Ambler

Aerial view of Ambler and the Kobuk River in the summer. Courtesy of the National Park Service.

Aerial view of Ambler and the Kobuk River in the summer. Courtesy of the National Park Service.

Ambler (Ivisaappaat in the local Inupiaq language) is located on the north bank of the Kobuk River, near the confluence of the Ambler and the Kobuk Rivers. It lies within the Northwest Arctic Borough, is 138 miles northeast of Kotzebue, and is 45 miles north of the Arctic Circle. The residents of Ambler are Kuuvangmiut Inupiat Eskimos. Ambler was permanently settled in 1958 when people from Shungnak and Kobuk moved upstream seeking fish and game resources. The community was named for a tributary of the Kobuk River, which was named for Dr. James M. Ambler, a U.S. Navy surgeon with the Arctic expedition under the command of Lt. Comdr. G.W. DeLong who perished in 1881 after their ship was trapped in the Arctic ice.
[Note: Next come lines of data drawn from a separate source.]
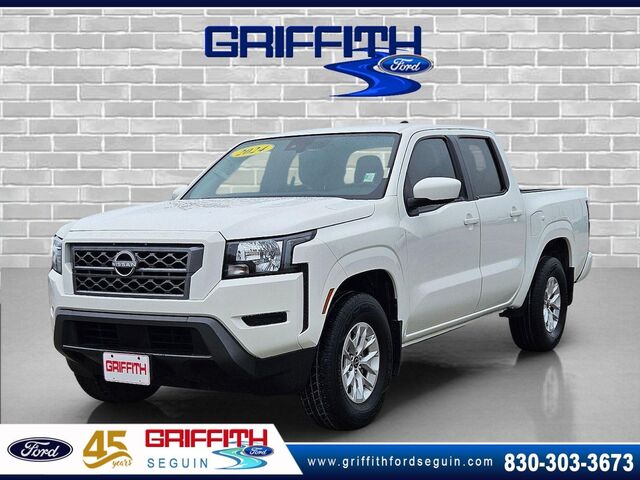 2024 Nissan Frontier S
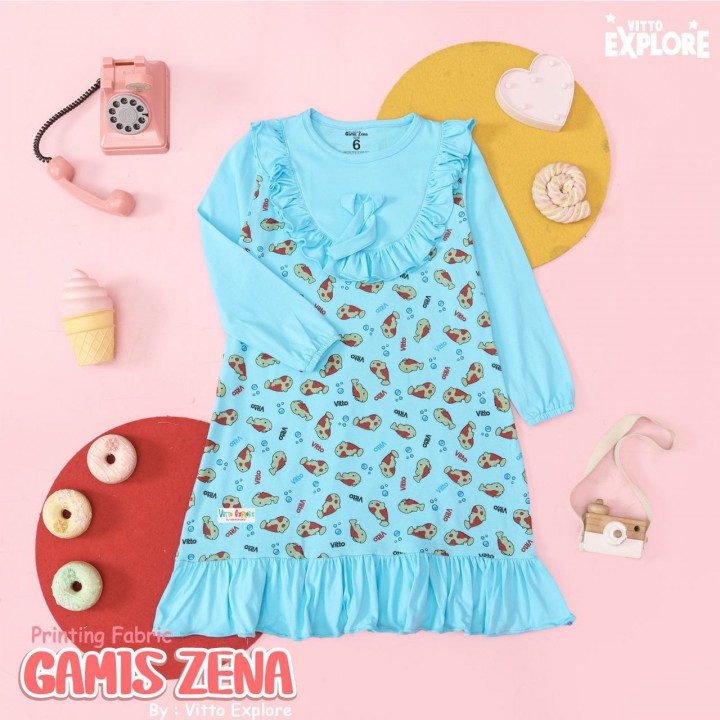 GAMIS ZENA BY VITTO KIDSWEAR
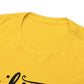 For We Walk By Faith Not By Sight Unisex Tee
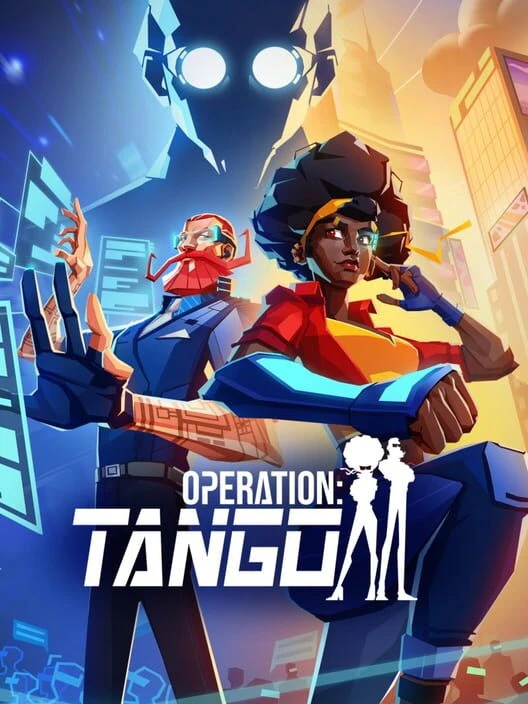 Couverture de Operation: Tango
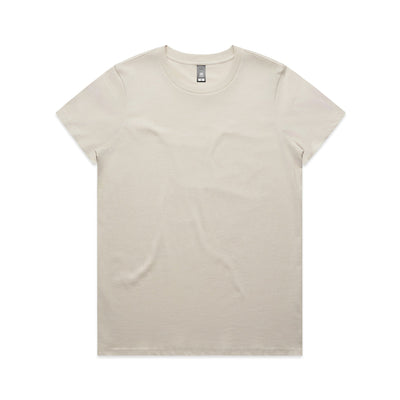 4001-WO'S MAPLE TEE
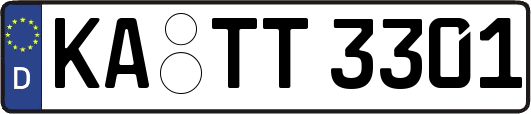 KA-TT3301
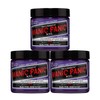 MANIC PANIC Classic Electric Amethyst Semi Permanent Hair Color -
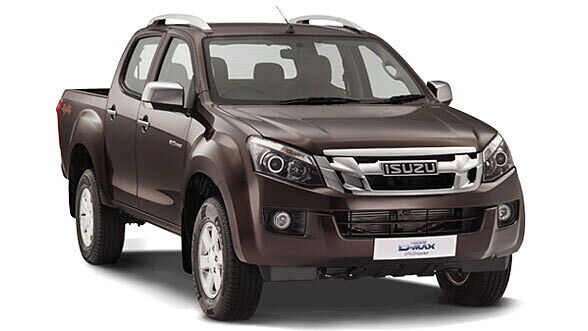 D-Max V-Cross-image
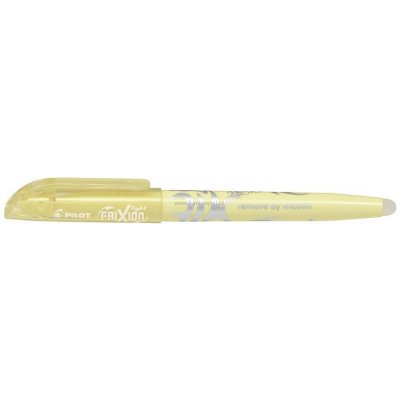 Pilot FriXion Light Soft 4138 pastelový žlutý – Hledejceny.cz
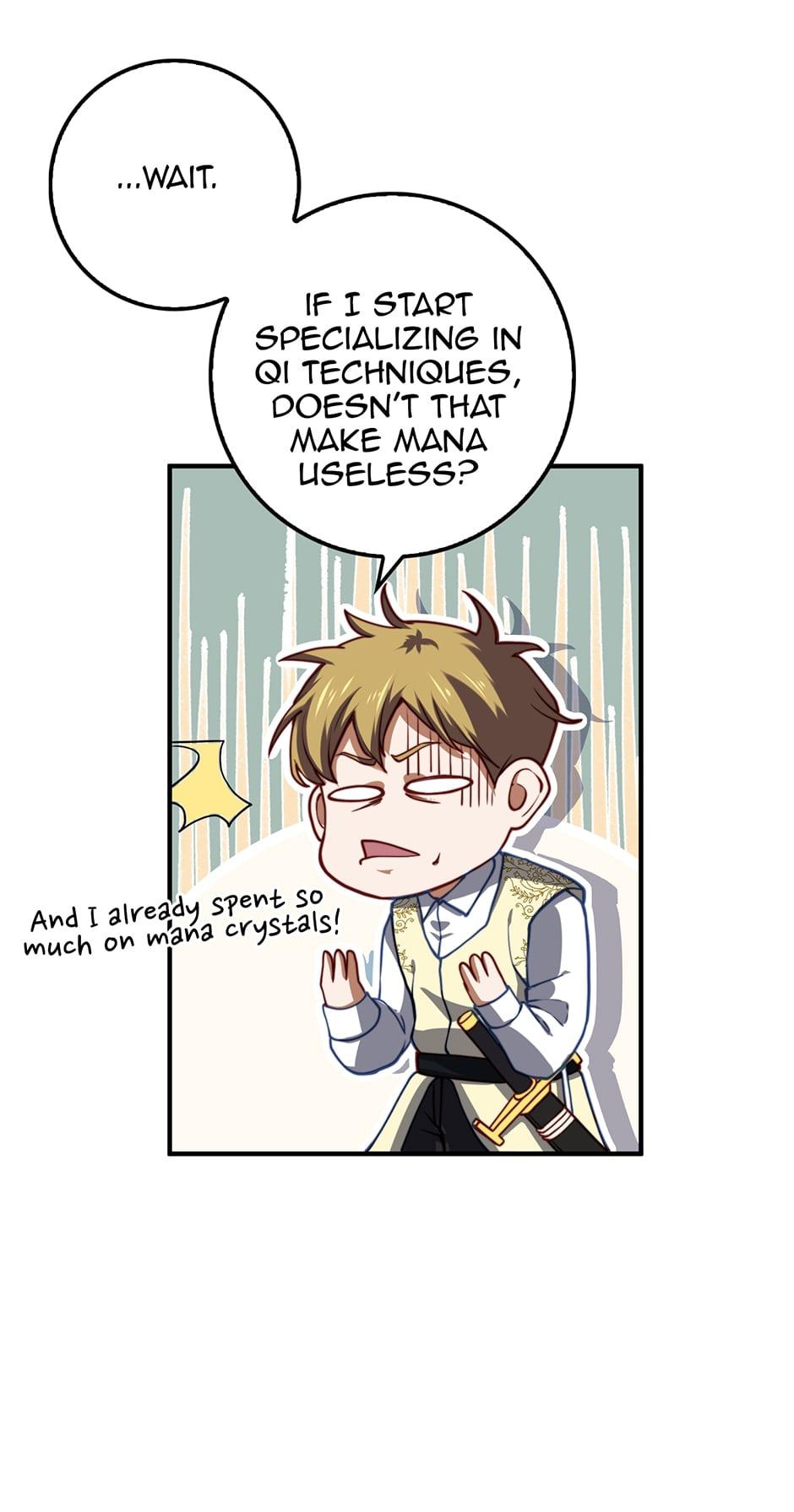 Read The Lord of Coins EN Manga Online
Onion Portage, a key archaeological site for the understanding of Alaska’s human past, is located near Ambler. The tribal government is called the Native Village of Ambler. Subsistence is a major part of the local economy. Birch baskets, fur pelts, and jade, quartz, bone, and ivory carvings created in Ambler are sold in gift shops throughout the state. The estimated population in 2011 was 276.

Unfortunately, elders from Ambler were not able to visit Fairbanks and look at the material from their community that is housed at the University of Alaska Fairbanks.